I never thought I could ever find it in my heart to forgive the people who deprived me of my parents’ love at the age of 3. But that changed when I joined World Vision and saw the staff’s efforts to build peace — even when others probably thought it wasn’t worth it.
I talked with the child soldiers being rehabilitated and listened to their experiences. In spite of their unimaginable suffering, they were willing to forgive and move on. They helped me decide to spend my energy on rebuilding peace in my community rather than being bitter, though at first it was not very clear how I could contribute.
When the Juba peace talks hit a snag in December 2006 and the warring parties were fighting each other in the media, the picture of my role became very vivid. Through God’s guidance, I managed to convince the LRA and the Ugandan government negotiators to participate in a teleconference, moderated by World Vision, to revive the stalled peace talks.

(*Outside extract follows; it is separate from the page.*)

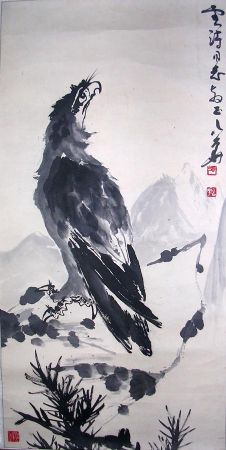 作者：张以华&nbsp;花鸟&nbsp;￥：5000&nbsp;单击鼠标查看详细介绍！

It dawned on me that God sometimes lets bad things go on because he wants to give each of us a chance to fulfill the purpose for which he kept us alive. In the case of northern Uganda, God’s purpose for us is to make peace.
I know that it may be incomprehensible to many that one should talk about forgiveness and reconciliation in a situation where justice should rule. Nevertheless, we are called to leave the judgment to God and instead do our part in offering mercy — just as God has been merciful to each of us.
I firmly believe this is the price for peace in northern Uganda. A demonstration of humanity’s inhumanity can only be overcome by agents of forgiveness and peace. You and I are the agents. It is up to us.